Lately I've been proclaiming to anyone who might be interested that in two years (or less), neo-big bands with girl singers will be the Next Big Thing. I blame this sudden attack of prophecy on Maci Miller and Rosie Flores, whose CDs arrived in the LMN office on the same day. Flores is a Latina singer-songwriter who has been mining the early '50s for inspiration, so that some of her material echoes the tail end of the Big Band era.

The young Ms. Miller, on the other hand, has dived headfirst into 1947 and come up smelling like White Shoulders. Her project, A Very Good Night, is a ten-song CD of her original tunes arranged in the Big Band style, but without being derivative, a constant danger when rehashing older music styles. The arrangements by Ed Vezinho sound fresh, with only the occasional quotation from so earlier work, and they are executed by a solidly rehearsed orchestra that's crisp and tight and not just ambling through the charts.
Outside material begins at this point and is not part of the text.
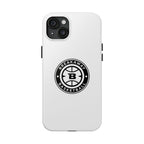 Breakaway Basketball White Phone Case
But it's Miller's vocals that put the cherry on the whipped cream: she whispers, she croons, she wails like a mix of Ivy Anderson and Ella Fitzgerald overlaid with Murray, Ky's favorite daughter, Rosemary Clooney. With a set of trained pipes to match the orchestra's edge, Miller demonstrates why the Big Band style was so dominate for so long. Just give "Champagne" and "Red Hot Dirty Dame" a listen and see for yourself. Besides that, she's not just mimicking the lyric style, either. In "Love Ain't Part of That Game," she advances the `girl singer' lyric solidly into the 21st Century." Her CD insert art and online posters wouldn't have been permitted in 1947, either - not by a long shot.

Miller did have the advantages of family: her uncle Bob Kimmel engineered and produced the project; her grandfather worked in Vaudeville and taught ballet. She was able to draw on these resources to find the professionals she needed to make this project more than a pale tribute to the Big Band era. So what, so good. It works. Now if I can just get WFPK's Dan Reed to put the project into drivetime rotation rather than slot it in the Jazz ghetto, there might be a chance that Tom Sobel will book Miller and her trio into the Comedy Caravan along with one of Louisville's Big Bands. What a thought - all those great players working with new charts and new songs in the style. As Miller says, it would be a very good night.

The album is only available online at www.macimiller.com and at stores in Philadelphia.